Substitute: .$\displaystyle \int\frac{(27\tan^3\!\theta)(3\sec^2\!\theta\,d\th eta)}{3\sec\theta} \;=\;27\int\sec\theta\tan^3\!\theta\,d\theta$

. . $\displaystyle = \;27\int\tan^2\!\theta(\sec\theta \tan\theta\,d\theta) \;= \;27\int(\sec^2\!\theta-1)(\sec\theta\tan\theta \,d\theta)$

Let: $\displaystyle u \:=\:\sec\theta \quad\Rightarrow\quad du \:=\:\sec\theta\tan\theta\,d\theta$

Substitute: .$\displaystyle 27\int(u^2-1)\,du \;=\;27\left(\frac{u^3}{3} - u\right) + C \;=\;9u(u^2-3) + C$

Back-substitute: .$\displaystyle 9\sec\theta(\sec^2\!\theta - 3) + C$

Back-substitute again.
We had: .$\displaystyle x \:=\:3\tan\theta \quad\Rightarrow\quad \tan\theta \:=\:\frac{x}{3} \:=\:\frac{opp}{adj}$

$\displaystyle \theta$ is in a right triangle with: .$\displaystyle opp = x,\; adj = 3$
Using Pythagorus, we get: .$\displaystyle hyp = \sqrt{9+x^2}$
Hence: .$\displaystyle \sec\theta \:=\:\frac{hyp}{adj} \:=\:\frac{\sqrt{9+x^2}}{3}$

Substitute: .$\displaystyle 9\cdot\frac{\sqrt{9+x^2}}{3}\left(\frac{9+x^2}{9} - 3\right) + C \;=\;3\sqrt{9+x^2}\left(\frac{9+x^2-27}{9}\right) + C$

Answer: . $\displaystyle \frac{1}{3}\!\cdot\!\sqrt{9+x^2}\!\cdot\!(x^2-18) + C$

3. Just put $\displaystyle z^2=9+x^2.$

4. Put z^2 as 9+x^2 then differentiate both sides to obtain xdx=zdz.

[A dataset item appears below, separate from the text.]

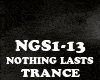 TRANCE-NOTHING LASTS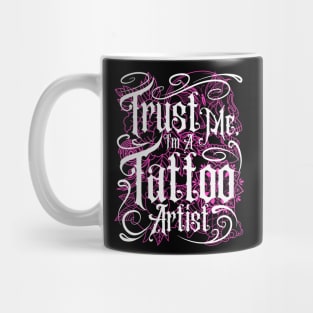 Trust Me I'm A Tattoo Artist (Pink) Mug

now substitute the values in the problem to the integrand as {z^2-9}/z use simple division and integrate.Resubstitute the value of x.

and most important trick of all. never use trigonometric substitution for such problem. At least not in the exams.You will find yourself in a terrible mess

5. As per usual I arrive late to a forum and all the good methods are already taken.

To add my own touch of "creative flair", this is what I did:

It might be easier solving the expression in two sections. It also becomes easier to do using interation by parts, but the substitution u^2=x^2+9 will work rather quickly.

Hope this helps!